IBM Data Science Capstone Project - The Battle of Neighborhoods in Vancouver
Author: Haoyu Su
Updated: August 17, 2020
Introduction
Vancouver, a bustling west coat seaport, is full of business opportunities. Millions of tourists come here every year to enjoy the beautiful scenery. So there are always unlimited possibilities for those who want to open their own restraurant. The biggest challenge they are facing is which location is the best that has relatively small competition, large passenger flow and good surrounding resources. To solve this question, the project is going to segment neighborhoods in Vancouver using a popular clustering technique, trying to figure out a solution for potential restaurant investors.
Data
The neighborhood data is scraped from Wekipedia and corresponding coordinates are obtained using geocoder, and all data of venues in each neighborhoods is returned by Foursquare API. There are 20 official neighborhoods and 510 venues in Vancouver, which will be the main research objects.
Methods
Several techniques are applied for data acquisition, data proprocessing and model development in Python.
Data Acquisition
The list of official neighborhoods is found on Wekipedia which is scraped using BeautifulSoup and Requests packages with Python. The corresponding coordinates of each neighborhoods are obtained using geocoder. All venure information is returned by Foursquare API.
Data Preprocessing
Venue Category, a categorical feature is transformed to numeric features by using one-hot encoding. The frequency of each venue category in each neighborhood is calculated to be used as key features in neighborhood segementation. And the top 10 most common venues category are identified for each neighborhood.
Model Development
The unsupervised machine learning technique Kmean is used to cluster similar neighborhoods. Elbow plot is used to find the optimal number of clusters. Folium is used to visualize those resulting clusters on the map.
Result
Please refer to here to see the whole analysis and interactive visualization.
EDA
Figure 1 shows the number of venues in each neighborhood and Figure 2 shows the relative frequency of top 10 most common venues in each neighborhood. There are the most number of vanues in Downtown while the least number of venues Killarney.

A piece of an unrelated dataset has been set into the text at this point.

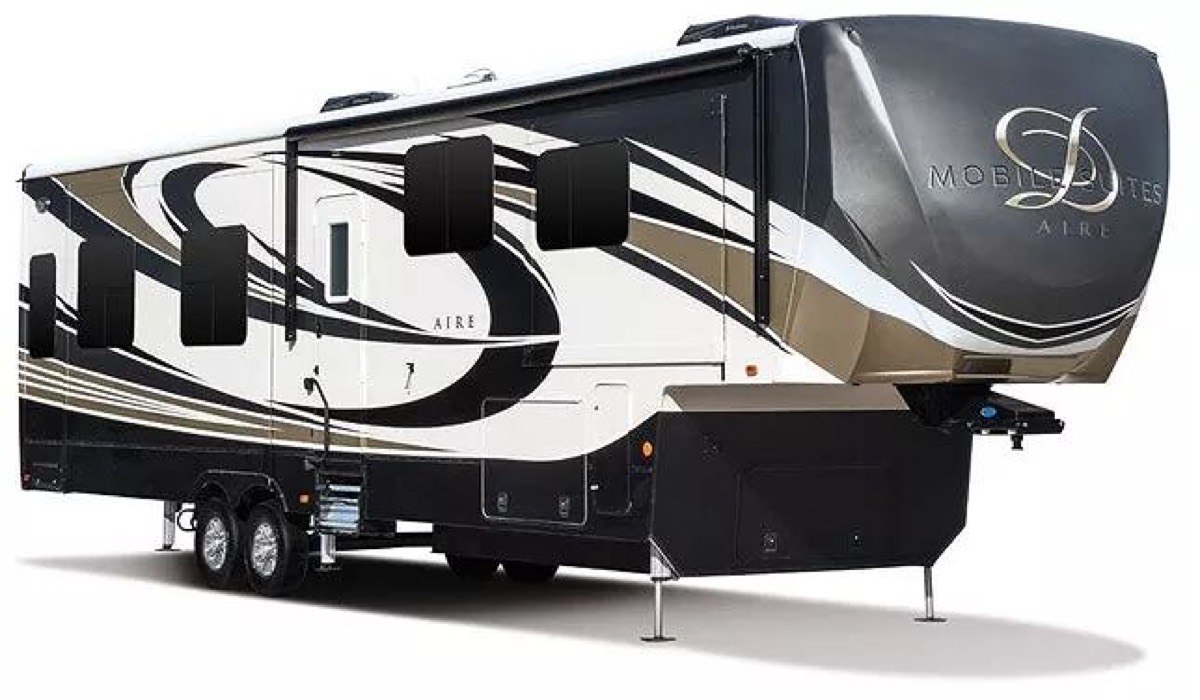 2018 DRV Luxury Suites MSA 40 Review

Figure 1. The number of venues in each neighborhood

Figure 2. The frequency of top 10 venues in each neighborhood
Clustering
Given the elbow plot shown in Figure 3, the kmeans will segement all neighborhoods in 5 clusters. The result of clustering is shown in Table 1.

Figure 3. Elbow plot
Discussion
Neighborhoods in cluster 1 (purple) and cluster 2 (blue) are full of different kinds of restraurants. Japanese and Chinese restaurants are mostly located in cluster 1 while French Restaurants are mostly located in cluster 2. Cluster 1 includes downtown vancouver with a high volume of people flow and relative large competition while cluster 2 is a little far from downtown but will have less rents. Other clusters have less restaurant but cluster 3 has a lot of Café and Coffee shop which is a good place to open dessert restaurants. Therefore if you have enough money, I would recommand you to open restaurants in neighborhoods closer to downtown in cluster 1 such a Downtown, South Cambie and Oakridge. But if you don’t have enough money and want to have less stress of peer competition, I would recommand you to open restaurants in neighborhoods relatively from Downtown in cluster 1 or other neighborhoods in cluster 2 or cluster 3.
Figure 4. Neighborhood segmentation result
Conclusion
This project applied the kmeans technique to successfully segement 20 neighborhoods into 5 clusters. Some useful suggestions on opening restaurants are given based on the cluster result. More analysis can be done using more information such as neighborhoods’ GDP and population.